Neutrophils protect lymphoma cells against cytotoxic and targeted therapies through CD11b/ICAM-1 binding.

Author information

1
Anticancer Antibody Team, INSERM U1052, CNRS UMR 5286, Cancer Research Center of Lyon, University of Lyon, Lyon, France.
2
Hospices Civils de Lyon, Department of Hematology, Pierre-Benite, France.
3
Université Claude Bernard Lyon-1, Lyon, France.
4
ProfileXpert, Lyon, France.
5
Laboratory of Hematology, Hospices Civils de Lyon, Pierre-Bénite, France.

Abstract

Innate immune cells constitute a substantial proportion of the cells within the tumor microenvironment. Besides the contribution of the microenvironment to tumor proliferation and survival, there is direct evidence that interactions between tumor cells and their microenvironment alter sensitivity to anti-cancer agents. Neutrophils, a key player in the innate immune system, have been less studied than many other immune cells regarding their impact on cancer cell response to anti-cancer agents. In our 2D and 3D coculture systems, human neutrophils and differentiated HL60 cells attenuated the sensitivity of various lymphoma cell lines to several anti-cancer agents, including targeted therapies. Neutrophil-induced protection was dependent on cell-cell interaction between CD11b and ICAM-1 expressed by neutrophils and B cells, respectively and was shown to be Mcl-1-dependent. The protective effect of neutrophils was validated in vivo using immune-compromised mice inoculated with human NHL with our without neutrophils then followed by treatment with chemotherapy.

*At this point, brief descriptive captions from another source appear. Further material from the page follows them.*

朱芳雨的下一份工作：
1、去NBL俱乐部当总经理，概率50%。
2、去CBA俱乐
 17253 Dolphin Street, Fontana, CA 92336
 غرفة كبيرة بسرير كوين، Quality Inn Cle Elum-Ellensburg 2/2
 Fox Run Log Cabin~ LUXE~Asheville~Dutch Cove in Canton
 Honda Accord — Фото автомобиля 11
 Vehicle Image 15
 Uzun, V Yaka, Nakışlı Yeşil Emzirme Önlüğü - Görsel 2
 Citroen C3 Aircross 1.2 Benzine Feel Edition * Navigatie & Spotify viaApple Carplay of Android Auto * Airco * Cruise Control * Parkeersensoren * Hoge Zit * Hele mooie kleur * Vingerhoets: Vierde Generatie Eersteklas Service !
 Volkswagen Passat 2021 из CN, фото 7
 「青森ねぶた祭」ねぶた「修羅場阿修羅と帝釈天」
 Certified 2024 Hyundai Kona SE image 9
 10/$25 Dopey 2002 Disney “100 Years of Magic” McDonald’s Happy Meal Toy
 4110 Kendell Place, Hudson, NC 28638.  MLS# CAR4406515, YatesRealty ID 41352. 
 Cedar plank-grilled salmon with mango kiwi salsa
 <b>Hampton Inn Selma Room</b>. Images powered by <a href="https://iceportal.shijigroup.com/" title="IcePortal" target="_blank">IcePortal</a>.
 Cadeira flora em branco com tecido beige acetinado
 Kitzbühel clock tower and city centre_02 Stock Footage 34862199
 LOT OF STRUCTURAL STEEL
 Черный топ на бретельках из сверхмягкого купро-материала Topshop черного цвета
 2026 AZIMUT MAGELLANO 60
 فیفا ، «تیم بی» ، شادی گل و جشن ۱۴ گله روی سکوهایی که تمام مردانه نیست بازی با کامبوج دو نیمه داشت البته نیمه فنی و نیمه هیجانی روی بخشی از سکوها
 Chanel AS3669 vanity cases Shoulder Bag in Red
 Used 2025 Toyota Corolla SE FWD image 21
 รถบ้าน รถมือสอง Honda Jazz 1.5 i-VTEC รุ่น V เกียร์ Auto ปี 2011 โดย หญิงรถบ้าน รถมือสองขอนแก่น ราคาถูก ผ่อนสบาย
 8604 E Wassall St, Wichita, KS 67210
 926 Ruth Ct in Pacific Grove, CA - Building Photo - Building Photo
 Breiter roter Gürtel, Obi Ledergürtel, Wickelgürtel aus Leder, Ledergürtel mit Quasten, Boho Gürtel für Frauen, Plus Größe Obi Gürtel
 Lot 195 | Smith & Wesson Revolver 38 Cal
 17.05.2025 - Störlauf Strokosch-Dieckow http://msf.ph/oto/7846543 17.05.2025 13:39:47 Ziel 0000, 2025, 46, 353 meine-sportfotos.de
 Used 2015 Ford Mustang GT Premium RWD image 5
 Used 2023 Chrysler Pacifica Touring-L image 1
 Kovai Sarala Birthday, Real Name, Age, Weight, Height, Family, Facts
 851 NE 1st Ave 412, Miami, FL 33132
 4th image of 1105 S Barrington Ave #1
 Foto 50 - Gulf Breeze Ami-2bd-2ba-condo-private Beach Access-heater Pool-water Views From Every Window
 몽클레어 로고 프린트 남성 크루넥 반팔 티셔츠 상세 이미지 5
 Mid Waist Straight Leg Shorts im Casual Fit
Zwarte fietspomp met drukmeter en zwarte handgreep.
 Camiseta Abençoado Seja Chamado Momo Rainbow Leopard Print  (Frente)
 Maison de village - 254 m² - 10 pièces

Similar findings were made on primary cells purified from patients with chronic lymphocytic leukemia, treated with fludarabine or targeted agents in the presence of autologous neutrophils. In a clinical study, patients with non-Hodgkin's lymphoma with increased neutrophil counts displayed a reduced response rate to therapy. These findings reveal a novel protective mechanism of neoplastic B cells involving innate immune cells which could be pharmacologically targeted to enhance the antitumor effect of therapy.

KEYWORDS:

cell-cell interactions; chemotherapy; lymphoma; neutrophils; targeted therapy

Conflict of interest statement

CONFLICTS OF INTEREST The authors declare no potential conflicts of interest.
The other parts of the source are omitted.